CD59 blocks not only the insertion of C9 into MAC but inhibits ion channel formation by homologous C5b-8 as well as C5b-9

Abstract

Activation of the complement system on the cell surface results in the insertion of pore forming membrane attack complexes (MAC, C5b-9). In order to protect themselves from the complement attack, the cells express several regulatory molecules, including the terminal complex regulator CD59 that inhibits assembly of the large MACs by inhibiting the insertion of additional C9 molecules into the C5b-9 complex. Using the whole cell patch clamp method, we were able to measure accumulation of homologous MACs in the membrane of CD59(-) human B-cells, which formed non-selective ion channels with a total conductance of 360 +/- 24 pS as measured at the beginning of the steady-state phase of the inward currents. C5b-8 and small-size MAC (MAC containing only a single C9) can also form ion channels. Nevertheless, in CD59(+) human B-cells in spite of small-size MAC formation, an ion current could not be detected. In addition, restoring CD59 to the membrane of the CD59(-) cells inhibited the serum-evoked inward current. The ion channels formed by the small-size MAC were therefore sealed, indicating that CD59 directly interfered with the pore formation of C5b-8 as well as that of small-size C5b-9. These results offer an explanation as to why CD59-expressing cells are not leaky in spite of a buildup of homologous C5b-8 and small-size MAC. Our experiments also confirmed that ion channel inhibition by CD59 is subject to homologous restriction and that CD59 cannot block the conductivity of MAC when generated by xenogenic (rabbit) serum.

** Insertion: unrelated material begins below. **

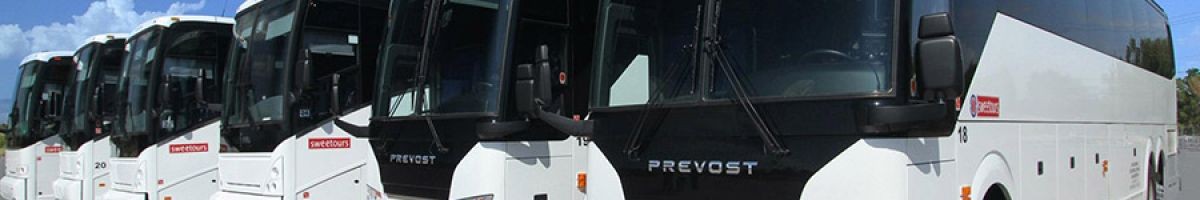 Vegas Tours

Figure 1. Flow cytometry of NCU-2 and NCU-1 cells after incubation with anti-CD59 (dashed line), anti-MCP (dashed-dotted line) and anti-DAF (dotted line) antibodies

FACS analysis revealed the presence of complement regulatory molecules in the membrane of NCU-2 cells (A) whereas NCU-1 cells expressed DAF and MCP but not CD59 (B). The continuous line represents the FITC control.

Figure 2. Flow cytometry of NCU-2 (A) and NCU-1 (B) cells after human serum treatment and incubation with anti-MAC antibody

Both cell types harbour MAC in their membranes (dotted line). The fluorescence signal of cells incubated with anti-MAC antibody without serum treatment (dashed line) does not differ significantly from the signal of the FITC control (continuous line).

Figure 3. Whole cell clamp electrophysiology of NCU-1 and NCU-2 cells during homologous (human, A-J) or heterologous (rabbit, K-L) serum treatment

Inward current was evoked in NCU-1 cells as a result of extracellular serum administration (A). However, similar serum application could not trigger current pulses in NCU-2 cells expressing CD59 (B). A background current was observed only when heat-inactivated serum was applied to the NCU-1 cells (C), showing that the inward current evoked by normal human serum was due to complement activation. The calcium channel blocker cobalt chloride diminished but did not abolish the amplitude of the current in the NCU-1 cells (D). When NaCl was replaced with N-methyl-d-glucamine in the extracellular solution, the ion current with decreased amplitude was still recorded (E) suggesting the presence of non-selective channels in the membrane of NCU-1 cells, probably MACs. This was further supported by the linear current-voltage relationship demonstrated both in individual NCU-1 cells (F) and on averaged amplitudes of currents followed by linear regression (G). Human serum prepared from B-type blood also evoked current pulses in NCU-1 cells (H), but not in NCU-2 cells (I). Involvement of CD59 in blocking the serum-evoked current was further confirmed when CD59 was incorporated in the membrane of NCU-1 cells (J). Heterologous (rabbit) serum triggered current pulses in cells which were unrelated to the expression (NCU-2 cells; L) or absence of expression (NCU-1 cells; K) of CD59 on the membrane. Except G, each graph shows representative recording of 10 measurements.